Data extracts
/---

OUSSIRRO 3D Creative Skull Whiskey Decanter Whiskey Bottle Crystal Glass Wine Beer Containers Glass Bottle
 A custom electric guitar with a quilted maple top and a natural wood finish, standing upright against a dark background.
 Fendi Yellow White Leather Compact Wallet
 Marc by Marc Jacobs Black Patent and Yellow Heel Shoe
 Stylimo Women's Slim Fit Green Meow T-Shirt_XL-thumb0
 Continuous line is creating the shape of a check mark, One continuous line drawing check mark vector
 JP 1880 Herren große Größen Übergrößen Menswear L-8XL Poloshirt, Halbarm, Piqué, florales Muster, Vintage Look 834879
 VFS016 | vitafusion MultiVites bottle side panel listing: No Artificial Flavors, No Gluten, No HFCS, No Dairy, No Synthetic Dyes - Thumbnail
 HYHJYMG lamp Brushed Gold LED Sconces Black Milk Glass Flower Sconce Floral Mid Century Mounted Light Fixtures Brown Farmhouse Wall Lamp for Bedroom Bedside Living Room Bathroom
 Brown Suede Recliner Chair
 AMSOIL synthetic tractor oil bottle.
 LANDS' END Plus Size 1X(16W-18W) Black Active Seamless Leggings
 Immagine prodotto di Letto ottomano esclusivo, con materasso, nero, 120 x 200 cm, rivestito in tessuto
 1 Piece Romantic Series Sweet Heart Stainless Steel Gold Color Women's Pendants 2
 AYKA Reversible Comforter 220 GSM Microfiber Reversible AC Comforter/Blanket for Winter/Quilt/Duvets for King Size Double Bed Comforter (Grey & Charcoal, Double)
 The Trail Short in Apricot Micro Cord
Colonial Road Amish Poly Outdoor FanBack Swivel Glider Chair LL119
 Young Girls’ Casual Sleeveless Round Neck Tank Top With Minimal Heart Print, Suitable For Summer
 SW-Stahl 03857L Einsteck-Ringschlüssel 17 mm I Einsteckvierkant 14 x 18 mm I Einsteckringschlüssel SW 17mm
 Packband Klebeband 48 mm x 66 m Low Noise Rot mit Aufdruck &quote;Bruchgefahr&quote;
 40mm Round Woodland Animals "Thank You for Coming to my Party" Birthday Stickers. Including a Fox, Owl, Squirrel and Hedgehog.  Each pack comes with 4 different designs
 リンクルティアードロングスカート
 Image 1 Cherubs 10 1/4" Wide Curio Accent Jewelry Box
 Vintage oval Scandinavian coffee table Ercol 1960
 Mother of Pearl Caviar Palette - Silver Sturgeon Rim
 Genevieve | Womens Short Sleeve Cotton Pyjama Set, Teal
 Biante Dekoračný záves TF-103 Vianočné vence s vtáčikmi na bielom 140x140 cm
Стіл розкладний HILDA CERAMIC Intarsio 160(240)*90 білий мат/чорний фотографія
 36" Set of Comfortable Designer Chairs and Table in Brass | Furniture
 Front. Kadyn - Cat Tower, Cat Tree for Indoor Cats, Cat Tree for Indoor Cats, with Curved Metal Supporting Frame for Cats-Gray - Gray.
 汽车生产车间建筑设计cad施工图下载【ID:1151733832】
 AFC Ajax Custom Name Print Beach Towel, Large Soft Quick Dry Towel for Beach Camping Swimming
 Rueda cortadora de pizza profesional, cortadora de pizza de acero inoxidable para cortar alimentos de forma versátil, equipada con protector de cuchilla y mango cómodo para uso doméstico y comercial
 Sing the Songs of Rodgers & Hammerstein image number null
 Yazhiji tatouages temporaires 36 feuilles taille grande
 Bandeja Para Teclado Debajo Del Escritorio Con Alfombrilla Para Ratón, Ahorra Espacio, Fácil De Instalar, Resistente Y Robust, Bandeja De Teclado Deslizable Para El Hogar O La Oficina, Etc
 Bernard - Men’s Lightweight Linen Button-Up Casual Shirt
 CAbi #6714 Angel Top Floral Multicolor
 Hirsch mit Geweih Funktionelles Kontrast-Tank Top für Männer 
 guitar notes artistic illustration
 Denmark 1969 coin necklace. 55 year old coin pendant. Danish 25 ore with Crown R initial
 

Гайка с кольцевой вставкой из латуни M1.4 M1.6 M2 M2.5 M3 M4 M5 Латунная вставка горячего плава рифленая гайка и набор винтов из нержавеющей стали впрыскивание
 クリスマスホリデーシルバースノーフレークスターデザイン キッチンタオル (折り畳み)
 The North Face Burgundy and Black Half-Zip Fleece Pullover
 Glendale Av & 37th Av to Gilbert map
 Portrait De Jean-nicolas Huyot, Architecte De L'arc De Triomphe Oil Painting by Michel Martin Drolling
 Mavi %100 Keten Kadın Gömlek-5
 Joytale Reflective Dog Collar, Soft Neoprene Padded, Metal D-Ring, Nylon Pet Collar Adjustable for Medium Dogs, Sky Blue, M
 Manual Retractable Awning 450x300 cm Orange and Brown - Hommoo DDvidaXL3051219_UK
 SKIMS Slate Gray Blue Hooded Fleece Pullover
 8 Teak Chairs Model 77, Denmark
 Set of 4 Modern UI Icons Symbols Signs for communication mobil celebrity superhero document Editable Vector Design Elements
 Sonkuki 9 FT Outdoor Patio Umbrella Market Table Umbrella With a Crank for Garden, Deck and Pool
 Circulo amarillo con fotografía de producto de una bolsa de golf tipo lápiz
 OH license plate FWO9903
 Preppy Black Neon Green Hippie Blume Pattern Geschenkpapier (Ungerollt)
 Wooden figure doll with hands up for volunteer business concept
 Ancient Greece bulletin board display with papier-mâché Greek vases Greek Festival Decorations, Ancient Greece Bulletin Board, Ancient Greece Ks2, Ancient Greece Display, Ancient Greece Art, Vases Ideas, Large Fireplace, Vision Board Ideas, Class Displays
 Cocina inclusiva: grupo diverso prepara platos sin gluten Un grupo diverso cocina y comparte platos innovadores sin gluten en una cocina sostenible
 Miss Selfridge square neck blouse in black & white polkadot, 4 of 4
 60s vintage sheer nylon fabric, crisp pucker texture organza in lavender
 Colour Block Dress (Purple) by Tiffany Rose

\---

Work request
A word-for-word restatement of the data above is required.

Output for this task
OUSSIRRO 3D Creative Skull Whiskey Decanter Whiskey Bottle Crystal Glass Wine Beer Containers Glass Bottle
 A custom electric guitar with a quilted maple top and a natural wood finish, standing upright against a dark background.
 Fendi Yellow White Leather Compact Wallet
 Marc by Marc Jacobs Black Patent and Yellow Heel Shoe
 Stylimo Women's Slim Fit Green Meow T-Shirt_XL-thumb0
 Continuous line is creating the shape of a check mark, One continuous line drawing check mark vector
 JP 1880 Herren große Größen Übergrößen Menswear L-8XL Poloshirt, Halbarm, Piqué, florales Muster, Vintage Look 834879
 VFS016 | vitafusion MultiVites bottle side panel listing: No Artificial Flavors, No Gluten, No HFCS, No Dairy, No Synthetic Dyes - Thumbnail
 HYHJYMG lamp Brushed Gold LED Sconces Black Milk Glass Flower Sconce Floral Mid Century Mounted Light Fixtures Brown Farmhouse Wall Lamp for Bedroom Bedside Living Room Bathroom
 Brown Suede Recliner Chair
 AMSOIL synthetic tractor oil bottle.
 LANDS' END Plus Size 1X(16W-18W) Black Active Seamless Leggings
 Immagine prodotto di Letto ottomano esclusivo, con materasso, nero, 120 x 200 cm, rivestito in tessuto
 1 Piece Romantic Series Sweet Heart Stainless Steel Gold Color Women's Pendants 2
 AYKA Reversible Comforter 220 GSM Microfiber Reversible AC Comforter/Blanket for Winter/Quilt/Duvets for King Size Double Bed Comforter (Grey & Charcoal, Double)
 The Trail Short in Apricot Micro Cord
Colonial Road Amish Poly Outdoor FanBack Swivel Glider Chair LL119
 Young Girls’ Casual Sleeveless Round Neck Tank Top With Minimal Heart Print, Suitable For Summer
 SW-Stahl 03857L Einsteck-Ringschlüssel 17 mm I Einsteckvierkant 14 x 18 mm I Einsteckringschlüssel SW 17mm
 Packband Klebeband 48 mm x 66 m Low Noise Rot mit Aufdruck &quote;Bruchgefahr&quote;
 40mm Round Woodland Animals "Thank You for Coming to my Party" Birthday Stickers. Including a Fox, Owl, Squirrel and Hedgehog.  Each pack comes with 4 different designs
 リンクルティアードロングスカート
 Image 1 Cherubs 10 1/4" Wide Curio Accent Jewelry Box
 Vintage oval Scandinavian coffee table Ercol 1960
 Mother of Pearl Caviar Palette - Silver Sturgeon Rim
 Genevieve | Womens Short Sleeve Cotton Pyjama Set, Teal
 Biante Dekoračný záves TF-103 Vianočné vence s vtáčikmi na bielom 140x140 cm
Стіл розкладний HILDA CERAMIC Intarsio 160(240)*90 білий мат/чорний фотографія
 36" Set of Comfortable Designer Chairs and Table in Brass | Furniture
 Front. Kadyn - Cat Tower, Cat Tree for Indoor Cats, Cat Tree for Indoor Cats, with Curved Metal Supporting Frame for Cats-Gray - Gray.
 汽车生产车间建筑设计cad施工图下载【ID:1151733832】
 AFC Ajax Custom Name Print Beach Towel, Large Soft Quick Dry Towel for Beach Camping Swimming
 Rueda cortadora de pizza profesional, cortadora de pizza de acero inoxidable para cortar alimentos de forma versátil, equipada con protector de cuchilla y mango cómodo para uso doméstico y comercial
 Sing the Songs of Rodgers & Hammerstein image number null
 Yazhiji tatouages temporaires 36 feuilles taille grande
 Bandeja Para Teclado Debajo Del Escritorio Con Alfombrilla Para Ratón, Ahorra Espacio, Fácil De Instalar, Resistente Y Robust, Bandeja De Teclado Deslizable Para El Hogar O La Oficina, Etc
 Bernard - Men’s Lightweight Linen Button-Up Casual Shirt
 CAbi #6714 Angel Top Floral Multicolor
 Hirsch mit Geweih Funktionelles Kontrast-Tank Top für Männer 
 guitar notes artistic illustration
 Denmark 1969 coin necklace. 55 year old coin pendant. Danish 25 ore with Crown R initial
 

Гайка с кольцевой вставкой из латуни M1.4 M1.6 M2 M2.5 M3 M4 M5 Латунная вставка горячего плава рифленая гайка и набор винтов из нержавеющей стали впрыскивание
 クリスマスホリデーシルバースノーフレークスターデザイン キッチンタオル (折り畳み)
 The North Face Burgundy and Black Half-Zip Fleece Pullover
 Glendale Av & 37th Av to Gilbert map
 Portrait De Jean-nicolas Huyot, Architecte De L'arc De Triomphe Oil Painting by Michel Martin Drolling
 Mavi %100 Keten Kadın Gömlek-5
 Joytale Reflective Dog Collar, Soft Neoprene Padded, Metal D-Ring, Nylon Pet Collar Adjustable for Medium Dogs, Sky Blue, M
 Manual Retractable Awning 450x300 cm Orange and Brown - Hommoo DDvidaXL3051219_UK
 SKIMS Slate Gray Blue Hooded Fleece Pullover
 8 Teak Chairs Model 77, Denmark
 Set of 4 Modern UI Icons Symbols Signs for communication mobil celebrity superhero document Editable Vector Design Elements
 Sonkuki 9 FT Outdoor Patio Umbrella Market Table Umbrella With a Crank for Garden, Deck and Pool
 Circulo amarillo con fotografía de producto de una bolsa de golf tipo lápiz
 OH license plate FWO9903
 Preppy Black Neon Green Hippie Blume Pattern Geschenkpapier (Ungerollt)
 Wooden figure doll with hands up for volunteer business concept
 Ancient Greece bulletin board display with papier-mâché Greek vases Greek Festival Decorations, Ancient Greece Bulletin Board, Ancient Greece Ks2, Ancient Greece Display, Ancient Greece Art, Vases Ideas, Large Fireplace, Vision Board Ideas, Class Displays
 Cocina inclusiva: grupo diverso prepara platos sin gluten Un grupo diverso cocina y comparte platos innovadores sin gluten en una cocina sostenible
 Miss Selfridge square neck blouse in black & white polkadot, 4 of 4
 60s vintage sheer nylon fabric, crisp pucker texture organza in lavender
 Colour Block Dress (Purple) by Tiffany Rose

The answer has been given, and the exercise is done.